Is it possible that a system undergoes an irreversible change while the surroundings undergo a reversible change?

Question

Context

I was solving questions from the 5th edition of "A Textbook of PHYSICAL CHEMISTRY: Thermodynamics and Chemical Equilibrium" by Kapoor, K. L., which is the second of several excellent volumes the author has published on physical chemistry, where I came across this:

At 263.15, water may exist as a super-cooled liquid, as stated in the book. This super-cooled liquid water will spontaneously freeze to ice at the same temperature:

$$ \text{H}_2\text{O (l)} \xrightarrow[\text{spontaneous}]{263.15} \text{H}_2\text{O (s)} $$

Naturally, for such a process, $(\Delta S)_\text{universe} > 0$. In order to do this calculation, the process was modelled into three distinct steps:

$$ \text{H}_2\text{O (l)} \xrightarrow[\Delta]{263.15 \text{ to } 273.15} \text{H}_2\text{O (l)} \xrightarrow{273.15} \text{H}_2\text{O (s)} \xrightarrow[-\Delta]{273.15 \text{ to } 263.15} \text{H}_2\text{O (s)} $$

where $\Delta$ means to heat the system. $(\Delta S)_\text{sys}$ for the three processes can be calculated easily. However, to calculate $(\Delta S)_\text{universe}$, $(\Delta S)_\text{surr}$ must be calculated. Here, the author has made the following assumption:

When evaluating $(\Delta S)_\text{surr}$, we assume that the surroundings receive heat equal to the heat of crystallization at $263.15$ K in a reversible manner at temperature equal to $263.15$ K.

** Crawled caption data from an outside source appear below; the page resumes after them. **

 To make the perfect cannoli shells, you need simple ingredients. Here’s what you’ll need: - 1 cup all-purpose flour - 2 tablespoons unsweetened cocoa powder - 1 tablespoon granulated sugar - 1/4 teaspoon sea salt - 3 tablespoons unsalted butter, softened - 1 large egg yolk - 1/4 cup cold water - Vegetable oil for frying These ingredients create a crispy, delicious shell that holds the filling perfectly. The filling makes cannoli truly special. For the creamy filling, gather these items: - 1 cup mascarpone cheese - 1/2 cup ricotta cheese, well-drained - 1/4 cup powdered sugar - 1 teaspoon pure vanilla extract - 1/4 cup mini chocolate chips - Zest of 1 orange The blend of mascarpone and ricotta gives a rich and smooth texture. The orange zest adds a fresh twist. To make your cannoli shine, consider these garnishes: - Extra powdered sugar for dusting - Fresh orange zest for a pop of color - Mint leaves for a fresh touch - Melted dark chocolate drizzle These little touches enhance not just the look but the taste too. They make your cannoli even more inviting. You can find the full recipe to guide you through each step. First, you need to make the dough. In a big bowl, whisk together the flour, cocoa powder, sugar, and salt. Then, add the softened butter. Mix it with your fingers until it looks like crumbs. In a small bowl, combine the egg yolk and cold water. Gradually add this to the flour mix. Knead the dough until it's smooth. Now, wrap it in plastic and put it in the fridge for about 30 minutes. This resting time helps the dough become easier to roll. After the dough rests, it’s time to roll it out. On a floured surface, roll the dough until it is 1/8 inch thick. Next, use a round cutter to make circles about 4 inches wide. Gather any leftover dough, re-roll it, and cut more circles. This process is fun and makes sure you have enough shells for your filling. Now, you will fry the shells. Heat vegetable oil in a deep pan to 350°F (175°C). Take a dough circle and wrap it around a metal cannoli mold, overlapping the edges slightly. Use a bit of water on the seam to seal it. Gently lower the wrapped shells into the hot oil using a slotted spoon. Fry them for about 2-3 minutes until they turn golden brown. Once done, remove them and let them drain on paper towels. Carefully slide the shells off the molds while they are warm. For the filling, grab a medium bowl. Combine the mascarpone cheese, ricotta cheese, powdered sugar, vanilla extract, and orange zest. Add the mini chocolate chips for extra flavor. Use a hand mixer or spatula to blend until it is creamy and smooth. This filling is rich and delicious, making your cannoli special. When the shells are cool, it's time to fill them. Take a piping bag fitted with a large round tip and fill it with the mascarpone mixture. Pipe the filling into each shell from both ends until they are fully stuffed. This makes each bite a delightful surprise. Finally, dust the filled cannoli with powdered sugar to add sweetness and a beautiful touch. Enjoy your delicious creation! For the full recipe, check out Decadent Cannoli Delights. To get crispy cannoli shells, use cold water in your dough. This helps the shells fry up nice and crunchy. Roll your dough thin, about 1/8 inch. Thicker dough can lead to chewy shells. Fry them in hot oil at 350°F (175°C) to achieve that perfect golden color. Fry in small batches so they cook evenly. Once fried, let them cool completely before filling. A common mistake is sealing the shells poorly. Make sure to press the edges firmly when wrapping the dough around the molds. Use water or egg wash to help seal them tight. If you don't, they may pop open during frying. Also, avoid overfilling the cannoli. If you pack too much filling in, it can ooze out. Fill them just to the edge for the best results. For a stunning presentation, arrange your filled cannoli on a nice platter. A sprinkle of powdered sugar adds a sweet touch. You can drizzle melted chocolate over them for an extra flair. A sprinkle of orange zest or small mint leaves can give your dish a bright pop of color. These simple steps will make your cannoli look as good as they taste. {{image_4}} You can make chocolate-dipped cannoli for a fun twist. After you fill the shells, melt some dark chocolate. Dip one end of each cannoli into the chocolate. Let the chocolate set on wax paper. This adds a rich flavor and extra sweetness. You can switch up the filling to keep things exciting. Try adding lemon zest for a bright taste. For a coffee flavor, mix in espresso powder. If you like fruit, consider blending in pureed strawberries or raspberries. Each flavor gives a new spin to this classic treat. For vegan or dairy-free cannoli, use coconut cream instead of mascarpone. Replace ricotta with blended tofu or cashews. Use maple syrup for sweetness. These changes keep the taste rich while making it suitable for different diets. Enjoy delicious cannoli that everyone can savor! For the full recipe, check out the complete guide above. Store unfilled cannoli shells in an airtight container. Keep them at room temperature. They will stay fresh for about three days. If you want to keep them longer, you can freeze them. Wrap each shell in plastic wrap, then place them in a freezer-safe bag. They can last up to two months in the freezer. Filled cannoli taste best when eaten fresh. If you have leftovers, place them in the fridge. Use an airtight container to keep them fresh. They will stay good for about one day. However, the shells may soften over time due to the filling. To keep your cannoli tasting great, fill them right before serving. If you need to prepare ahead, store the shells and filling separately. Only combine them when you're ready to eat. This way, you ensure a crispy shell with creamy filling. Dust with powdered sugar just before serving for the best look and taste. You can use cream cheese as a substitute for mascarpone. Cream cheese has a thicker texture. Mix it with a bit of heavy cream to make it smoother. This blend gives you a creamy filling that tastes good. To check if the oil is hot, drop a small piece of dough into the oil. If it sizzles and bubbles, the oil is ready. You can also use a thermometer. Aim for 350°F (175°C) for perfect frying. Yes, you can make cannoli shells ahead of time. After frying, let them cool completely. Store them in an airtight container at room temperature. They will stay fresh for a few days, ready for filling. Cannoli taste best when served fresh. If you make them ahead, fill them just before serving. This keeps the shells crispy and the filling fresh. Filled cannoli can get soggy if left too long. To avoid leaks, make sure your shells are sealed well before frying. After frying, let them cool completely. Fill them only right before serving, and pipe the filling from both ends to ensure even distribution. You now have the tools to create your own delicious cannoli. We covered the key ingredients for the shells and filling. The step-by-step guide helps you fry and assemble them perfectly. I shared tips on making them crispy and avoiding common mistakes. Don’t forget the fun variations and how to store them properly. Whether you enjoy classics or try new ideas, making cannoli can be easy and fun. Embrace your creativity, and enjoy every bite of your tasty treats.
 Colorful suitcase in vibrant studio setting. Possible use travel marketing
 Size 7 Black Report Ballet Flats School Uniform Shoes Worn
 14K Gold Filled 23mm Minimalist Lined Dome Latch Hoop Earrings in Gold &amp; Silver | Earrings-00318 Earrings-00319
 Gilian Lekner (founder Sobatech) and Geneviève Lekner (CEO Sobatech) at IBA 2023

Further, this calculation can be made using the Kirchoff's law. And upon doing these calculations, we do obtain $(\Delta S)_\text{universe} > 0$, as expected.

Question

This procedure seems to be followed for various such questions where, even when a system is undergoing an irreversible change, the surroundings are assumed to undergo a reversible change. This seems rather odd. According to me, if a system is undergoing an irreversible change, so should the surroundings. The author has stated that this is an assumption, but I wanted to know its validity and, accordingly, my question: is it possible that a system undergoes irreversible change while the surroundings undergo a reversible change?

Answer 1

Yes, it is possible if the surroundings involve ideal constant temperature reservoirs, for which $\Delta S$ is always Q/T. Imagine such a reservoir to consist of a constant temperature bath containing pure liquid and corresponding melting/freezing pure solid at equilibrium.

Answer 2

In thermo-statics or thermo-dynamics, you should think of the "surroundings" as being the boundary conditions for the equations. Their role is very similar to a hypothetical ideal battery or voltage/current source in an electric circuit with resistors, capacitors and inductors described by Kirchhoff's laws. In real life, there is no such a thing as a source whose voltage is independent of its load and is also independent of temperature, pressure, humidity, etc., in which it is imbedded, as anybody trying to start an engine in the winter learns it. Of course, if we did not make such idealization we would not be able to calculate the current through even the simplest linear resistor...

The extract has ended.